Cédric Grand, ancien bobeur professionnel, est hilare.
Cet épisode est révélateur de l'évolution de 007. Le Britannique devient très vite un personnage fantasmé. «Il sait tout faire: il pourrait opérer à coeur ouvert dans l'espace», ironise Jan Fantys.
James Bond s'émancipe en super-héros, doué dans toutes les disciplines.
On vous épargne les innombrables scènes de combats rapprochés, les courses poursuites sur les toits des immeubles ou cette improbable envolée sur un tremplin de saut à skis, autant d'épisodes qui nourrissent la légende de Mister Bond et lui permettent de survivre dans l'univers concurrentiel des blockbusters.
Que pourrait-il encore faire de mieux, cet espion qui a emprunté tant de talents aux autres? On a posé la question à Carlos Mühlig, rédacteur en chef du magazine de cinéma Daily Movies. Ce spécialiste rappelle que la série des James Bond a toujours été en concurrence avec celle de Mission Impossible. «Il y a comme une compétition entre les personnages des deux sagas: c'est à celui qui sera le meilleur et qui ira le plus loin.» Or il y a deux scènes que Tom Cruise a réalisé et que James Bond n'a encore jamais eu le cran de tourner:
Dès le début du film Rogue Nation sorti en 2015, Tom Cruise attrape un Airbus A400M au décollage et se trouve propulsé à plus de 800m du sol et à une vitesse folle de 300 km/h. L'acteur américain a poliment refusé les services d'une doublure avant de tourner la scène huit fois.
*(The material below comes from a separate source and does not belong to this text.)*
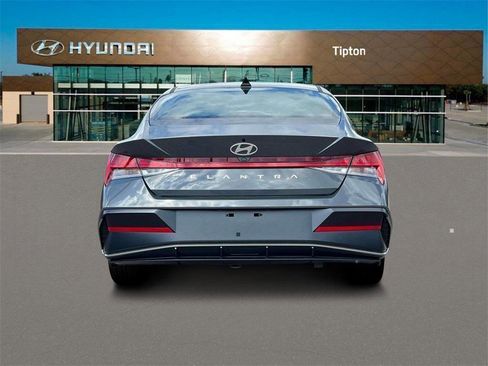 New 2025 Hyundai Elantra SEL image 6
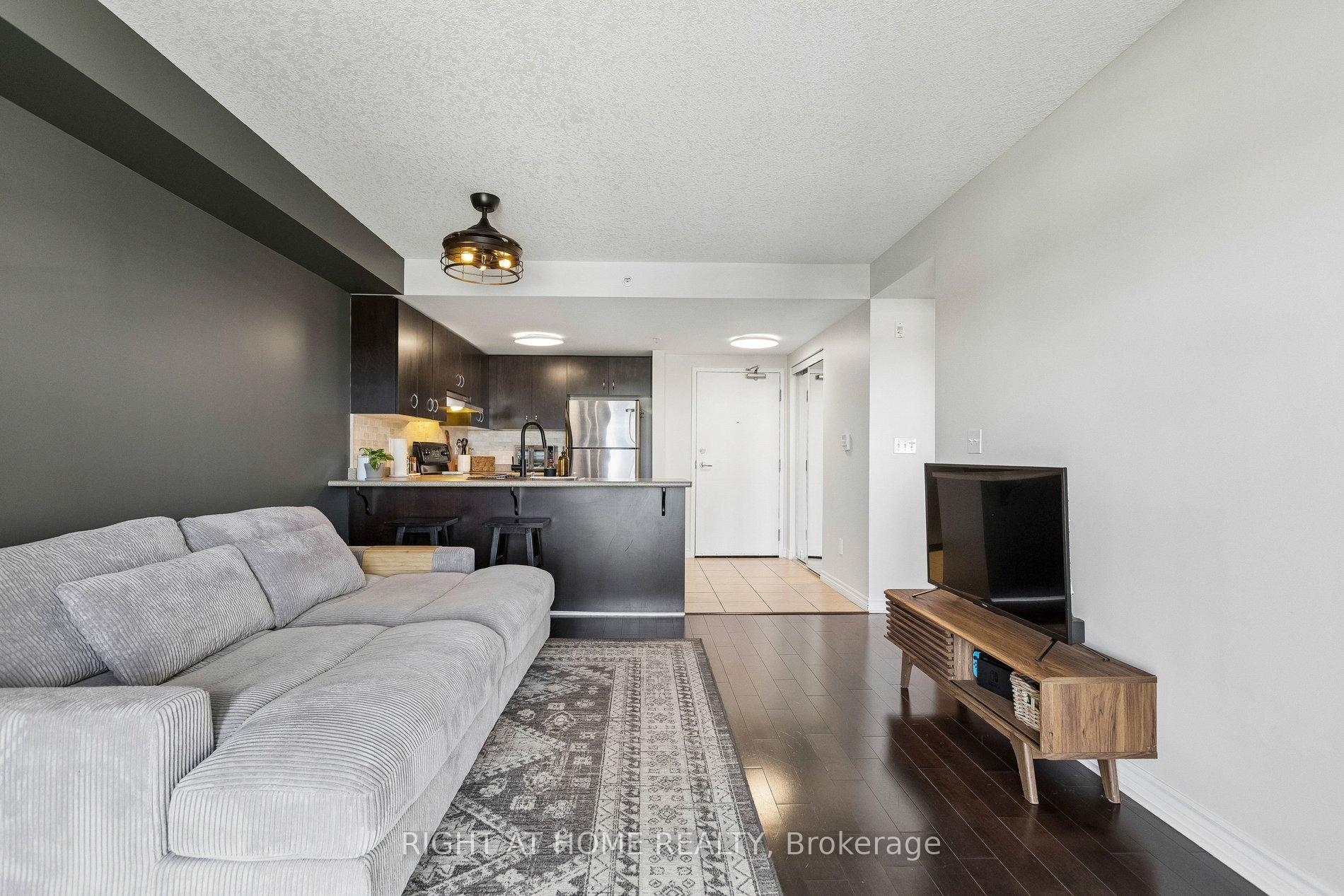 Photo 3 of Unit 404, 37 Goodwin Drive, Guelph, Pineridge/Westminster Woods — HOMEH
Dans le même film, l'acteur saute de 36m dans une cuve avant de plonger en apnée durant six minutes. «Pour réaliser cet impressionnant plan-séquence qui a pris deux semaines de tournage, il a dû s'entraîner auprès d'un spécialiste de l'apnée libre. A plusieurs reprises durant cet entraînement délicat, l'acteur se serait évanoui», rapporte le site Allociné.
On laisse à Daniel Craig (ou à son successeur) le soin de choisir par quelle séquence il veut commencer.